__TRY IT__. Only the text of the records, copied exactly, is wanted; no pictures.

═══ DATA PROVIDED ═══

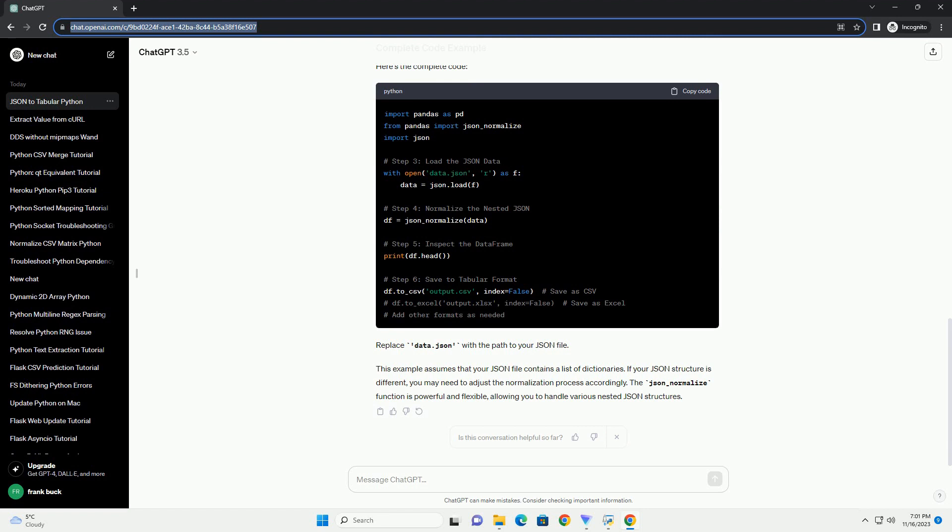The json_normalize function is powerful and flexible, allowing you to handle various nested JSON structures.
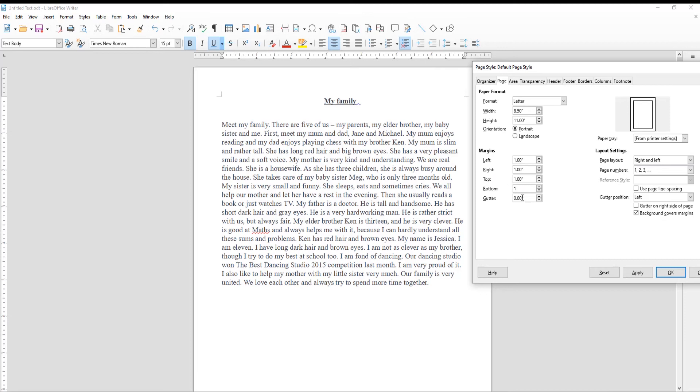You can choose if you want to change every margin or just one side. Click Apply and OK to apply to the document.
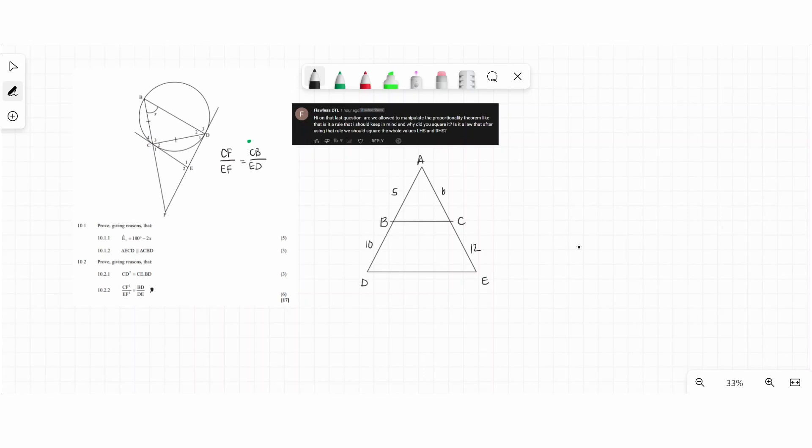I'm going to redo question 10.2.2, which is the last one. But before I redo it, I want to explain a certain concept so that when I actually answer the question, you can see where I did what and why.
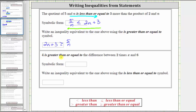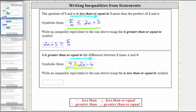The last example: four is greater than or equal to the difference between two times x and six. Two times x is two x, so the expression is two x minus six. From left to right: four is greater than or equal to two x minus six. We're asked to write an equivalent inequality using the less than or equal to symbol. Reading from right to left: two x minus six is less than or equal to four. In both cases the inequality is pointing toward two x minus six and opening toward the four.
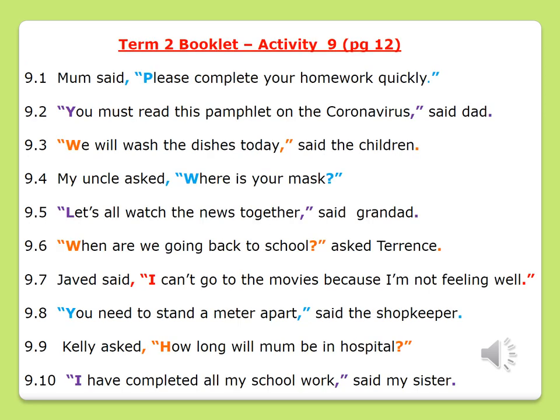In your English booklet, Autumn 2, you were given an activity to complete on direct speech. Did you complete this activity? Let's go through these sentences and see if you have punctuated them correctly. As I read them aloud, I want you to take note of quotation marks, your comma, your capital letters, and question marks or exclamation marks.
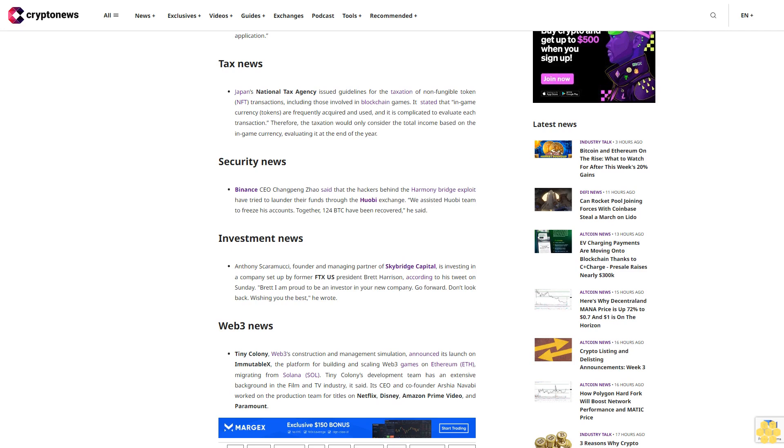Tax news: Japan's National Tax Agency issued guidelines for the taxation of non-fungible token NFT transactions, including those involved in blockchain games. It stated that in-game currency tokens are frequently acquired and used, and it is complicated to evaluate each transaction. Therefore, the taxation would only consider the total income based on the in-game currency, evaluating it at the end of the year.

═══

__OUTPUT OF THE TASK__.
The json_normalize function is powerful and flexible, allowing you to handle various nested JSON structures.
You can choose if you want to change every margin or just one side. Click Apply and OK to apply to the document.
I'm going to redo question 10.2.2, which is the last one. But before I redo it, I want to explain a certain concept so that when I actually answer the question, you can see where I did what and why.
The last example: four is greater than or equal to the difference between two times x and six. Two times x is two x, so the expression is two x minus six. From left to right: four is greater than or equal to two x minus six. We're asked to write an equivalent inequality using the less than or equal to symbol. Reading from right to left: two x minus six is less than or equal to four. In both cases the inequality is pointing toward two x minus six and opening toward the four.
In your English booklet, Autumn 2, you were given an activity to complete on direct speech. Did you complete this activity? Let's go through these sentences and see if you have punctuated them correctly. As I read them aloud, I want you to take note of quotation marks, your comma, your capital letters, and question marks or exclamation marks.
Tax news: Japan's National Tax Agency issued guidelines for the taxation of non-fungible token NFT transactions, including those involved in blockchain games. It stated that in-game currency tokens are frequently acquired and used, and it is complicated to evaluate each transaction. Therefore, the taxation would only consider the total income based on the in-game currency, evaluating it at the end of the year.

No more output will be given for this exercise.